**Assignment:** Please, could you print all the lines below exactly, leaving out the pictures?

**Dataset content:**
· · · · · · ·

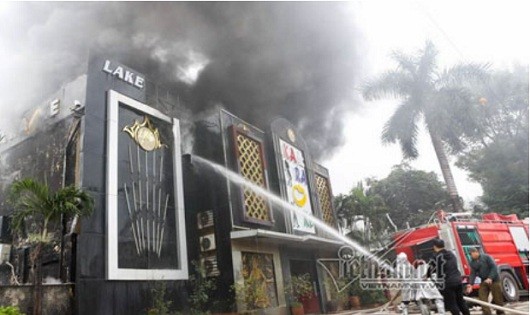 Cháy lớn quán karaoke ở Linh Đàm, khói bốc cao hàng chục mét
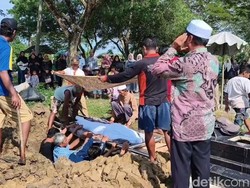 Jenazah Nenek Tarsiah Dimakamkan, Keluarga Minta Polisi Tangkap Pelaku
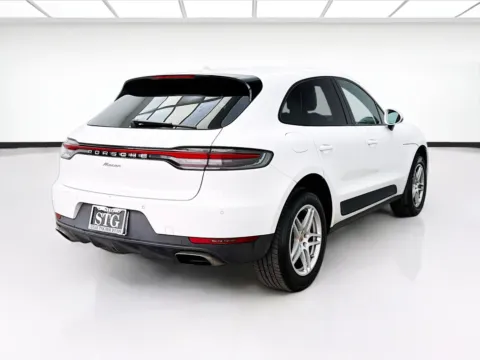 More photos of 2019 Porsche Macan at KarGenie, CA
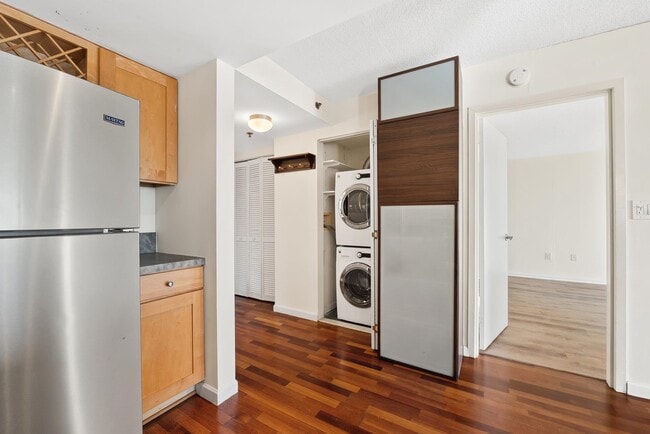 Building Photo - 700 1st St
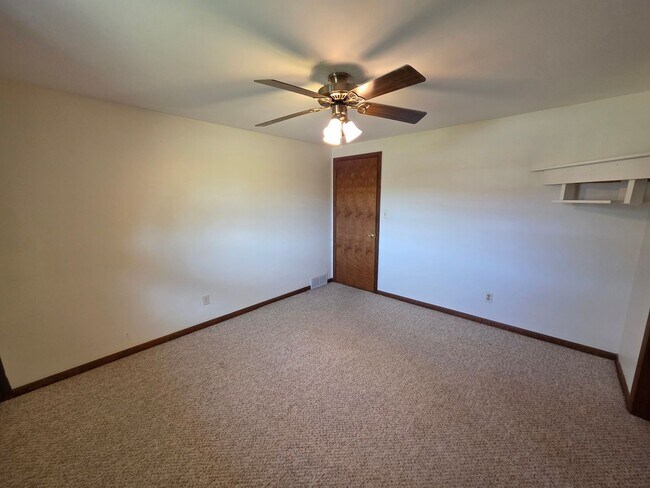 Building Photo - 1798 Chateau Dr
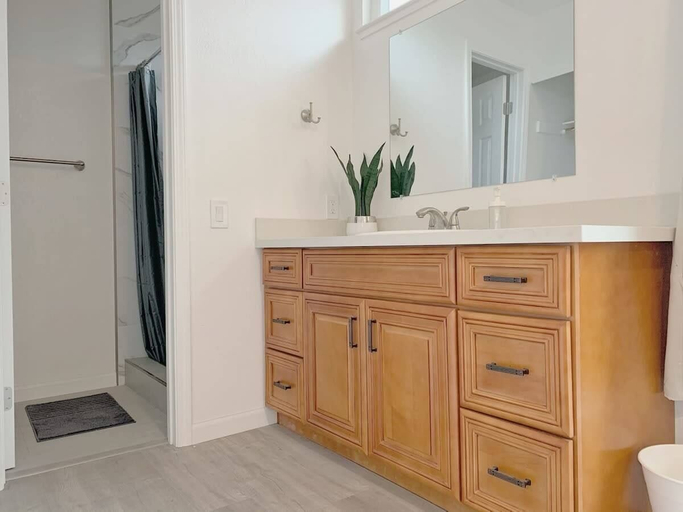 Bathroom 4, @ Marbella Lane - 4BR Alluring Home, Alameda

· · · · · · ·

**Task solution:**
 Cháy lớn quán karaoke ở Linh Đàm, khói bốc cao hàng chục mét
 Jenazah Nenek Tarsiah Dimakamkan, Keluarga Minta Polisi Tangkap Pelaku
 More photos of 2019 Porsche Macan at KarGenie, CA
 Building Photo - 700 1st St
 Building Photo - 1798 Chateau Dr
 Bathroom 4, @ Marbella Lane - 4BR Alluring Home, Alameda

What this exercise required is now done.